Washington D.C: Using data from NASA missions, an international team of astronomers has found what may be the first intact planet orbiting a white dwarf, the dense leftover of a Sun-like star, only 40 percent larger than Earth.
The Jupiter-size object, called WD 1856 b, is about seven times larger than the white dwarf, named WD 1856+534. It circles this stellar cinder every 34 hours, more than 60 times faster than Mercury orbits our Sun.
“WD 1856 b somehow got very close to its white dwarf and managed to stay in one piece,” said lead researcher Andrew Vanderburg, Assistant Professor of Astronomy at the University of Wisconsin-Madison in the US.
“The white dwarf creation process destroys nearby planets, and anything that later gets too close is usually torn apart by the star’s immense gravity. We still have many questions about how WD 1856 b arrived at its current location without meeting one of those fates.”
For the study that appeared in the journal Nature, the researchers used NASA’s Transiting Exoplanet Survey Satellite (TESS) and retired Spitzer Space Telescope.
TESS monitors large swathes of the sky, called sectors, for nearly a month at a time. This long gaze allows the satellite to find exoplanets, or worlds beyond our solar system, by capturing changes in stellar brightness caused when a planet crosses in front of, or transits, its star.

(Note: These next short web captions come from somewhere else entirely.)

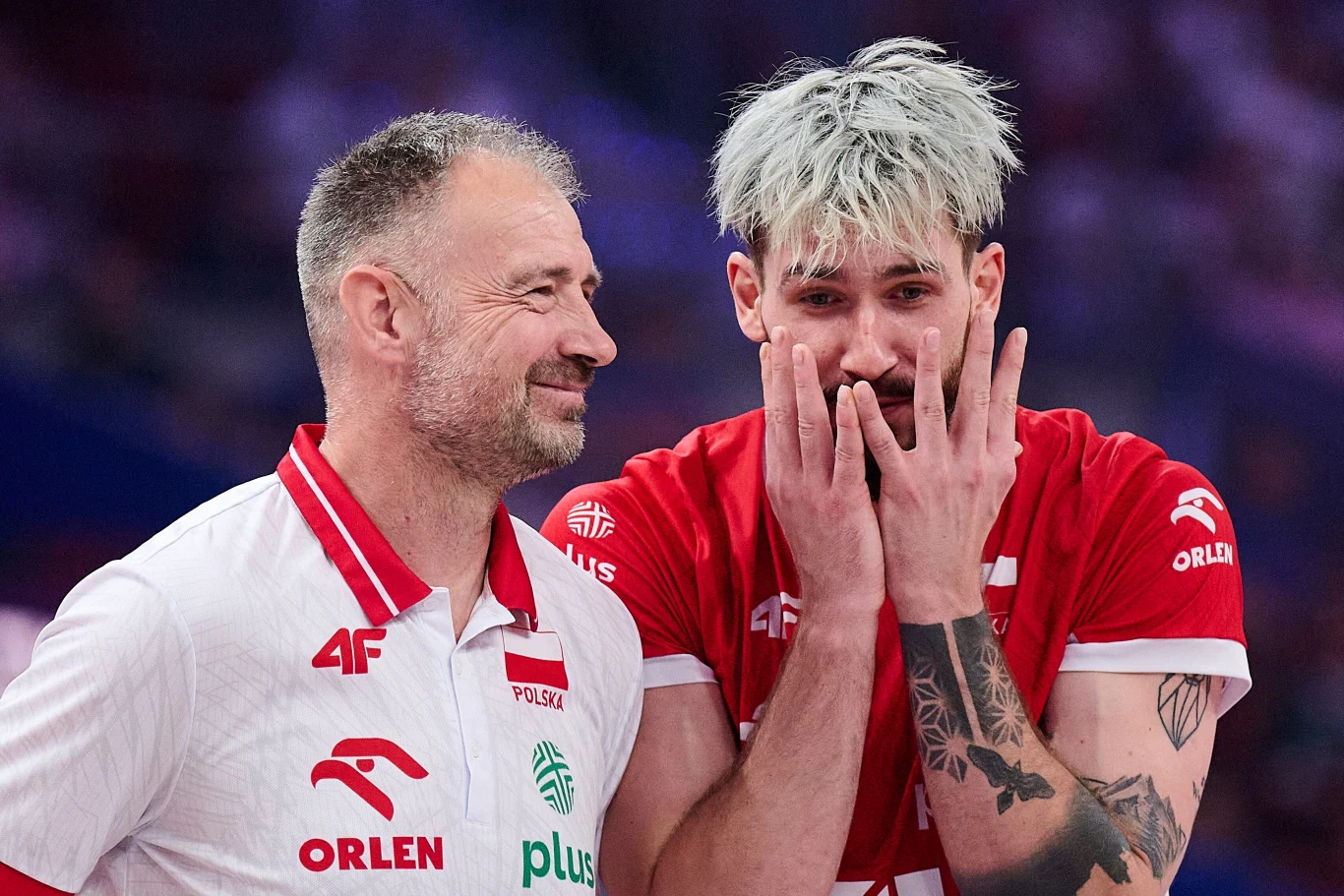 Nikola Grbić tonuje nastroje po meczu Polska - Francja Dwóch siatkarzy w czerwonych i białych koszulkach z logotypami sponsorów, jeden z nich uśmiecha się, drugi wydaje się być zaskoczony lub wzruszony, przykładając ręce do twarzy.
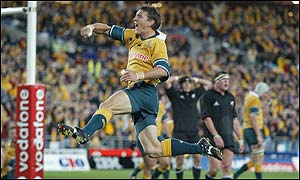 Mat Rogers celebrates scoring for Australia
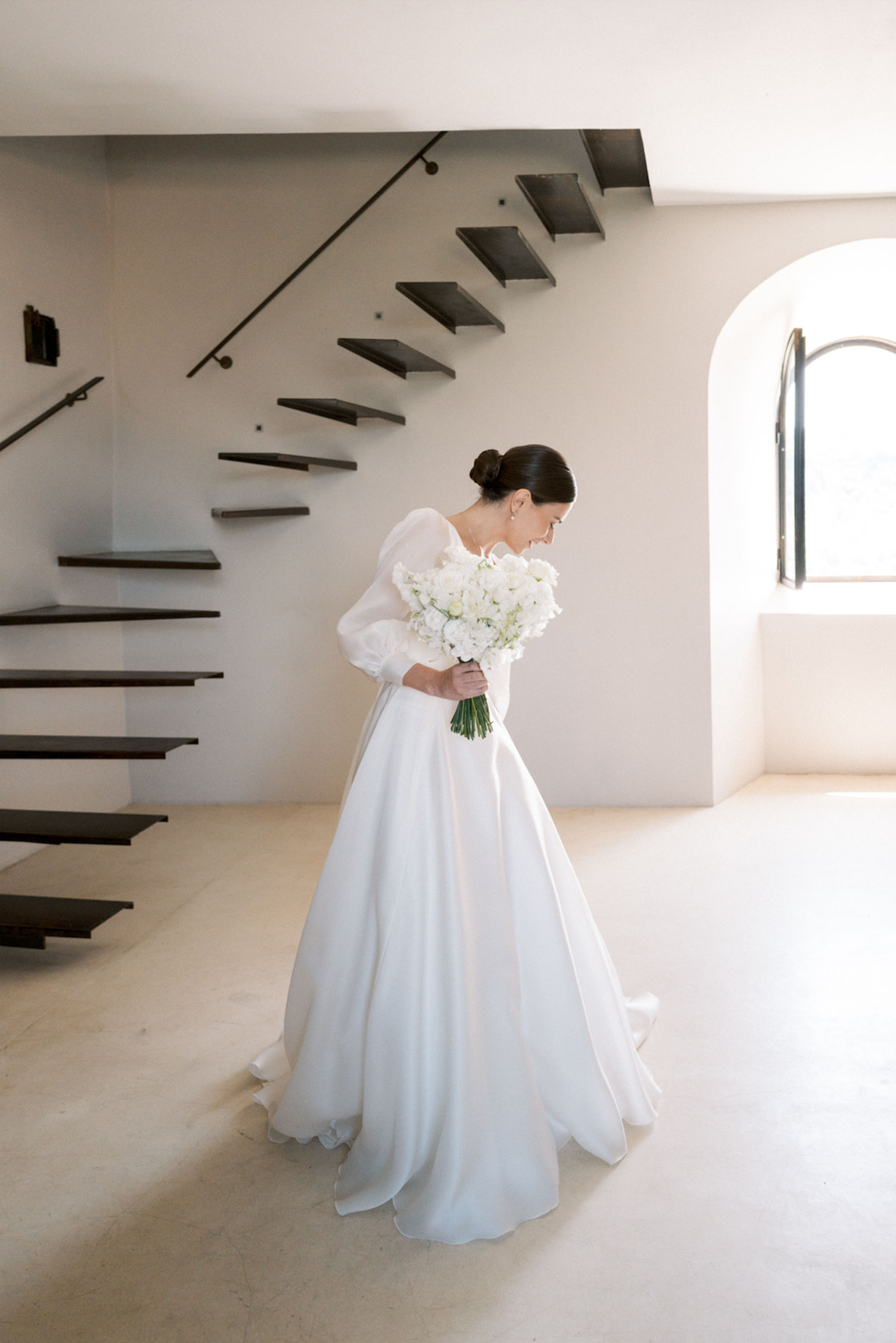 Bride in white puffed-sleeve ball gown holding all-white bouquet in minimalist interior with floating steel staircase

The satellite spotted WD 1856 b about 80 light-years away in the northern constellation Draco. It orbits a cool, quiet white dwarf that is roughly 18,000 kilometres across, may be up to 10 billion years old, and is a distant member of a triple star system.
When a Sun-like star runs out of fuel, it swells up to hundreds to thousands of times its original size, forming a cooler red giant star. Eventually, it ejects its outer layers of gas, losing up to 80 per cent of its mass.
The remaining hot core becomes a white dwarf. Any nearby objects are typically engulfed and incinerated during this process, which in this system would have included WD 1856 b in its current orbit.
The researchers estimate the possible planet must have originated at least 50 times farther away from its present location. The team observed the system in the infrared using Spitzer, just a few months before the telescope was decommissioned.